EXERCISE DETAILS:
Starting at the line that contains "Fancy Border SOFT SILK Sarees", output each line exactly as written through the end of the listing below, but leave out the pictures.
━━━ DATASET EXTRACT
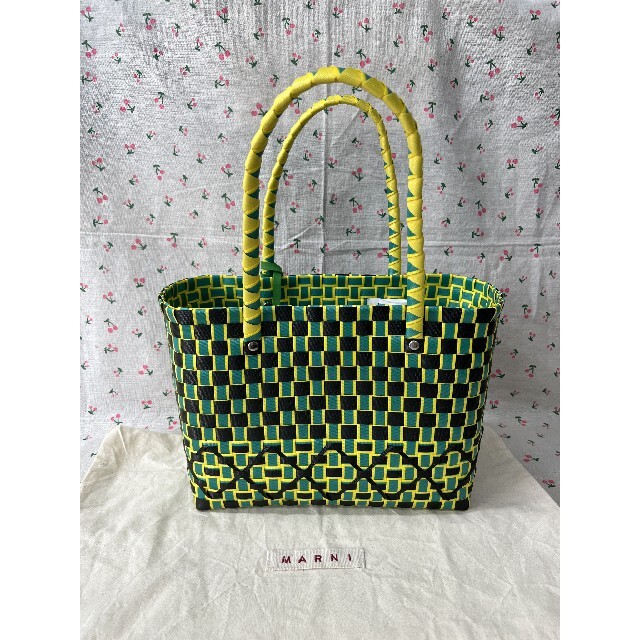 れなし Marni かごバッグ 在庫 送料無料♪♪の通販 by Siemering's shop|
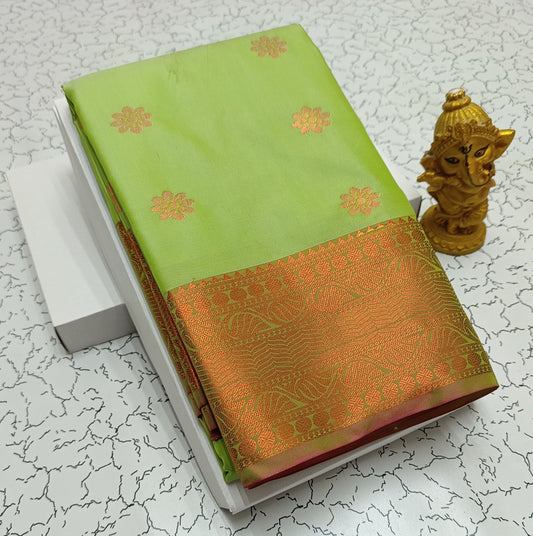 Fancy Border SOFT SILK Sarees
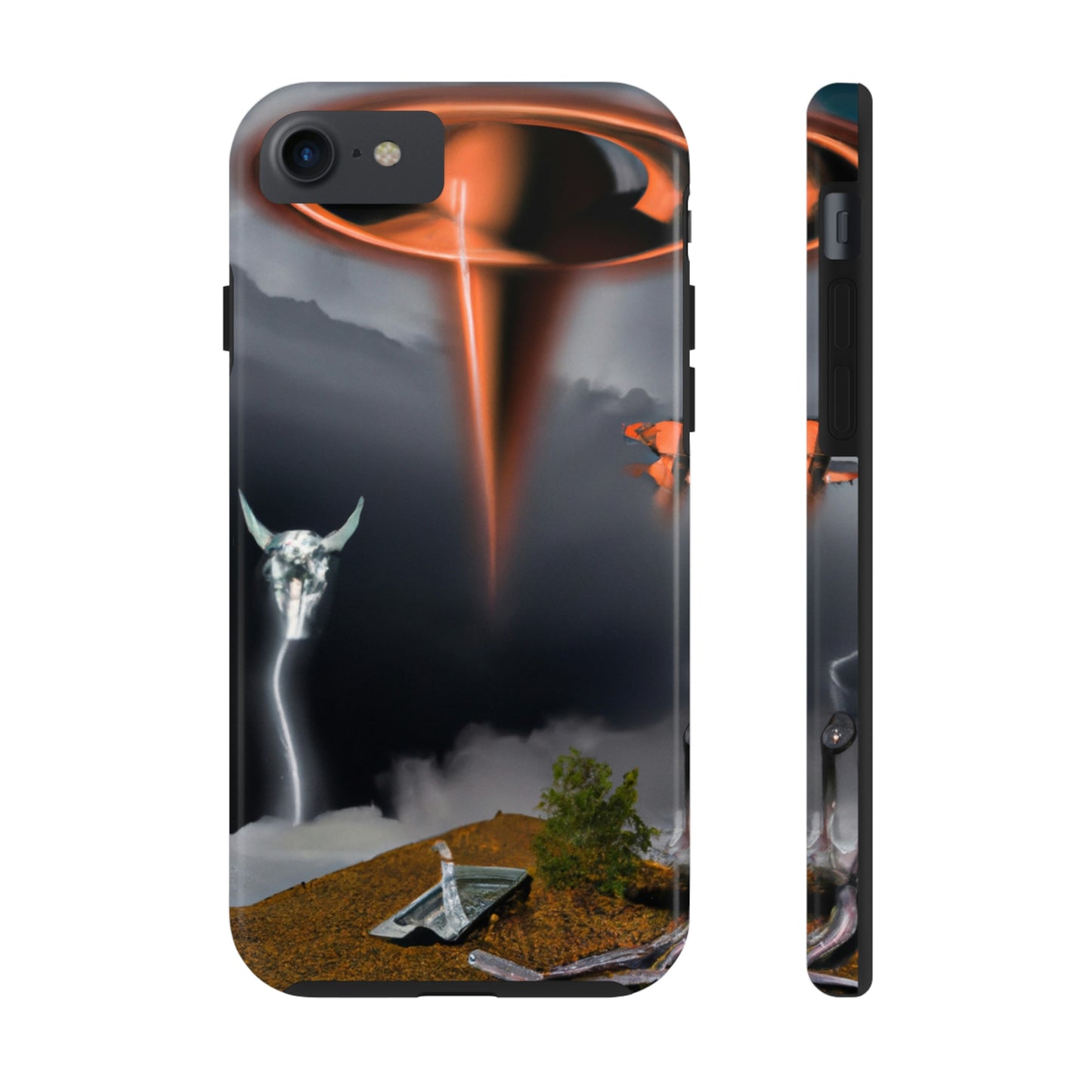 Invasion of the Storm Aliens - Las fundas para teléfonos Alien Tough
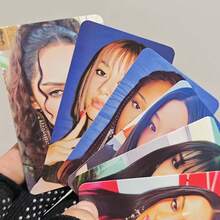 K-A-T-S-EYE Girl Group Photo Card Set (6pcs) | Idol Cards | Perfect Gift For Friends, Suitable For Scrapbooking And DIY, Vibrant Colors And High-Quality Printing - متعدد الألوان - مشاهدة 5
━━━━━━
EXERCISE RESULT:
 Fancy Border SOFT SILK Sarees
 Invasion of the Storm Aliens - Las fundas para teléfonos Alien Tough
 K-A-T-S-EYE Girl Group Photo Card Set (6pcs) | Idol Cards | Perfect Gift For Friends, Suitable For Scrapbooking And DIY, Vibrant Colors And High-Quality Printing - متعدد الألوان - مشاهدة 5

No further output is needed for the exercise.